世間では「ざまあ」する物語が流行っているらしい。
例えば、ヒロインに婚約者を奪われて衆目の中、婚約破棄と断罪をされた悪役令嬢が、無実を証明して反対にヒロインと元婚約者が落ちぶれる物語。
異世界召喚されて王から勇者として魔王を倒せと言われ、成功したら用済みで追放されたので、国を乗っ取って理想の国を作る物語。
モラハラ夫から虐げられていた妻が、夫の浮気相手に離婚を迫られて、反対に浮気相手と夫から慰謝料を勝ち取って、新たな人生を手に入れる物語。
ブラック企業に就職して長時間労働と社長からのパワハラにあった社員が、退職後に同業で起業して成功する物語。
これらの物語は、小説や漫画として提供され、あるいは「実際にあった話」としてネット上に投稿され、多くの人が楽しんでいる。
「ざまあ」という言葉は、報復によって気持ちが晴れるという状況を、スカッと端的に表している。

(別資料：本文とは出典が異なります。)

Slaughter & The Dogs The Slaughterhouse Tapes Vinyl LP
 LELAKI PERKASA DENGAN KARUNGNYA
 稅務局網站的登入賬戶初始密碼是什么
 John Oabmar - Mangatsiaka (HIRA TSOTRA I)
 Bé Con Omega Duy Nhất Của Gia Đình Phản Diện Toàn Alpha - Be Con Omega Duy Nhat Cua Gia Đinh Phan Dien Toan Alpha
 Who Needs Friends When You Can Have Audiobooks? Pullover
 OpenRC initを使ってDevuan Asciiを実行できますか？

これだけ多く「ざまあ」が望まれている状況とは裏を返すと、何かを我慢したり、不満があったりするどうしようもない状況にある人が多くいるということ。そして、話しの中だけでも気持ちを晴らしたいということなのだろう。
さて、現実では「ざまあ」を成功させるのはむずかしい。
私は、労災職業病センターの職員である。
職場改善よりも、個別の労働災害被災者の相談対応が日常業務の多くを占めている。
被災労働者は、被った被害に対する補償を求めている。補償のみではなく、なぜ自分がこのような目に遭ったのかという原因の追及、あるいは加害者への報復も求めている。自分に何の落ち度もなく、心身を損傷されたのであるから当然の感情である。

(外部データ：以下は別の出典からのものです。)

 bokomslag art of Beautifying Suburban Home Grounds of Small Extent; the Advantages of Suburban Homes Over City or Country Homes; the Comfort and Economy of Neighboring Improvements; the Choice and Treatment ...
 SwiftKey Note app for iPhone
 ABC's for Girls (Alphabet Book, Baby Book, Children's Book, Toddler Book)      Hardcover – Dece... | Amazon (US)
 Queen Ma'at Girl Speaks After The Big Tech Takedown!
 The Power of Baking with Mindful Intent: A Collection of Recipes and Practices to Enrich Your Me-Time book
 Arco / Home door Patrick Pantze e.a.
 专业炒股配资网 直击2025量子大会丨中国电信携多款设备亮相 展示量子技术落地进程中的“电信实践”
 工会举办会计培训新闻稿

しかし、正当ではあるけれどわずかばかりの補償を得るためだけでも、被災者の前には様々な壁やら山やらが立ちふさがる。
労災保険の適用を受けるにも、労働時間やハラスメントなどの出来事の証明をしたり、医学所見を得るために専門医に意見書を頼んだり…。行政手続と言っても初めて手続を行う被災者が自分一人でできるものではない。
また労災認定されて、労災の責任を事業主に問うにも、被災者自身が相手側の責任や過失を証明しなければならない。一労働者では知り得ない情報を持つ事業主側は、高額な慰謝料を支払いたくないために、証拠を隠したり、嘘をつくこともある。

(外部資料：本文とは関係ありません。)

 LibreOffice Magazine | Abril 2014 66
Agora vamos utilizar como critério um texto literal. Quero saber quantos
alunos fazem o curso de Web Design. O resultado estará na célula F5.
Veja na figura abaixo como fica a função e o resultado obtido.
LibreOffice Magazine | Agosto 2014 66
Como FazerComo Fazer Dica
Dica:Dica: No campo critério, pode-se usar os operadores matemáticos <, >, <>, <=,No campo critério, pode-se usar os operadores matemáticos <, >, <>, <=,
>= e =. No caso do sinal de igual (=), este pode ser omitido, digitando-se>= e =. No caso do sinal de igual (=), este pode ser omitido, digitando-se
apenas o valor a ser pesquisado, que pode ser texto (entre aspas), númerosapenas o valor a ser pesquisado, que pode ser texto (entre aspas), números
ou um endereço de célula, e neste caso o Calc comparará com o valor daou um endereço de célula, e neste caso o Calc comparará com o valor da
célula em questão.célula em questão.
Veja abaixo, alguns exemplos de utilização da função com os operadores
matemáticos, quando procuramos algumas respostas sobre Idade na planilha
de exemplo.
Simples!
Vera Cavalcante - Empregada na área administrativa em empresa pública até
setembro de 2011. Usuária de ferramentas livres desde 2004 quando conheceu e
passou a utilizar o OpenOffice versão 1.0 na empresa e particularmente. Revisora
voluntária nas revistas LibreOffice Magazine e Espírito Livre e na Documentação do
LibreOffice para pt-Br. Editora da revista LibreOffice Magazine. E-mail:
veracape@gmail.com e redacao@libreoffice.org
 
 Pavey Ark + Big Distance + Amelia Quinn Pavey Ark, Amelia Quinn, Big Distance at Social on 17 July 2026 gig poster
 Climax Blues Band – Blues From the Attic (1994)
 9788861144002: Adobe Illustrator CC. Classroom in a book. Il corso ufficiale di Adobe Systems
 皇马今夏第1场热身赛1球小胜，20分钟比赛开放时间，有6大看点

裁判で損害賠償を勝ち取っても、事実や原因がつまびらかとなり、事業主や加害者から謝罪されることは少ない。
相手を「ぎゃふん」と言わせるような「ざまあ」は実現できない。
それでも、みな様々な「ざまあ」を勝ち取っているのではないかと思う。
時間もお金も精神力も削って闘って勝ち取った勝利は、それだけですばらしいこと。誰もが黙って泣き寝入りする訳ではないと、相手にもの申したのは大きな一石。
被災者や虐げられた当事者が声を上げて行動して、世の中を変えてきたのは歴史を見ても明らか。
私は、大勝利でなくとも、ささやかなものであっても、「ざまあ」を喜びたい、あきらめずに頑張った「あなた」と。